> **Exercise aim**
Whatever appears in the records, retype it exactly, except for the pictures.
=== Data provided ===
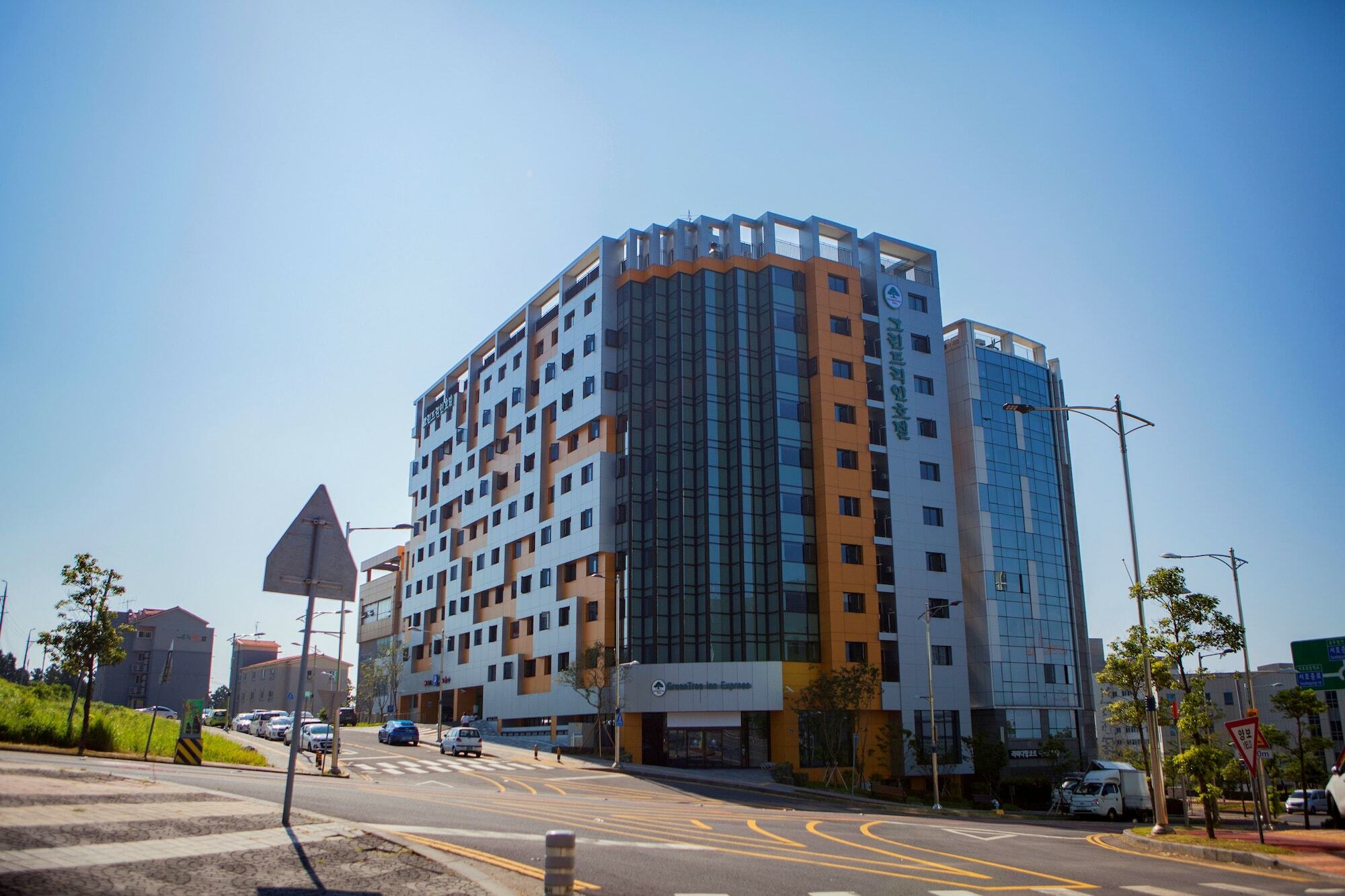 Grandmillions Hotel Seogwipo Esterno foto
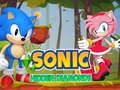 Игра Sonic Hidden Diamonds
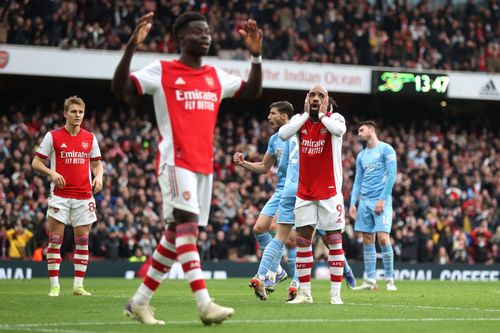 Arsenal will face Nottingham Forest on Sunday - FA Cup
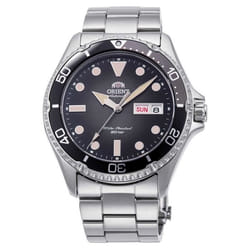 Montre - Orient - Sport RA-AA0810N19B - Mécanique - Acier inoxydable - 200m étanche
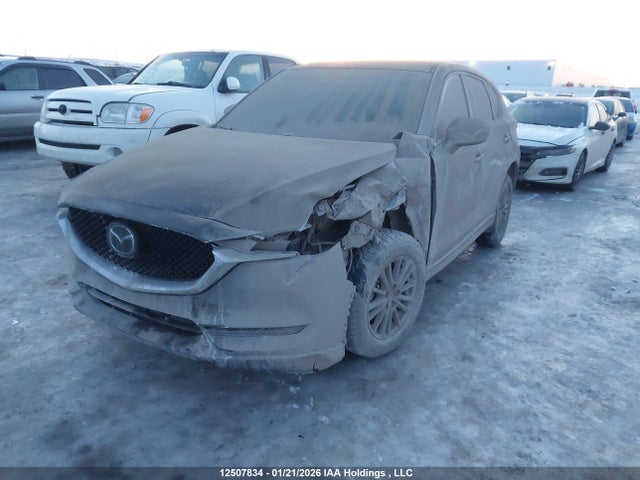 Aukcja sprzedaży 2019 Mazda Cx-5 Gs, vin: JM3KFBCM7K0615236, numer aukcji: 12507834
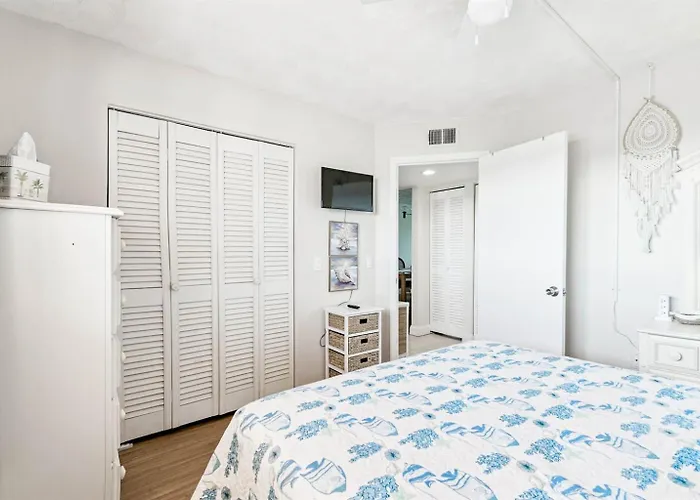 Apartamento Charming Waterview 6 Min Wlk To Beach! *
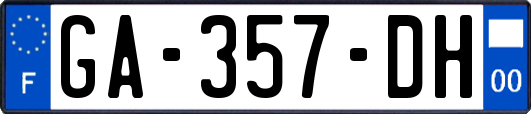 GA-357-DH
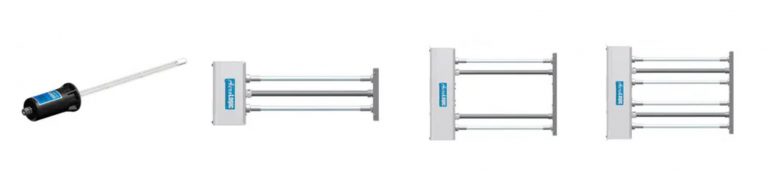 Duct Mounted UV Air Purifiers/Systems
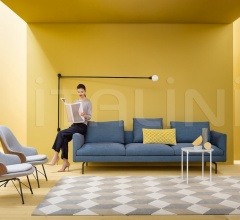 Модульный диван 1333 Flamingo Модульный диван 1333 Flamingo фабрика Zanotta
===
> **Task output**
 Grandmillions Hotel Seogwipo Esterno foto
 Игра Sonic Hidden Diamonds
 Arsenal will face Nottingham Forest on Sunday - FA Cup
 Montre - Orient - Sport RA-AA0810N19B - Mécanique - Acier inoxydable - 200m étanche
 Aukcja sprzedaży 2019 Mazda Cx-5 Gs, vin: JM3KFBCM7K0615236, numer aukcji: 12507834
 Apartamento Charming Waterview 6 Min Wlk To Beach! *
 GA-357-DH
 Duct Mounted UV Air Purifiers/Systems
 Модульный диван 1333 Flamingo Модульный диван 1333 Flamingo фабрика Zanotta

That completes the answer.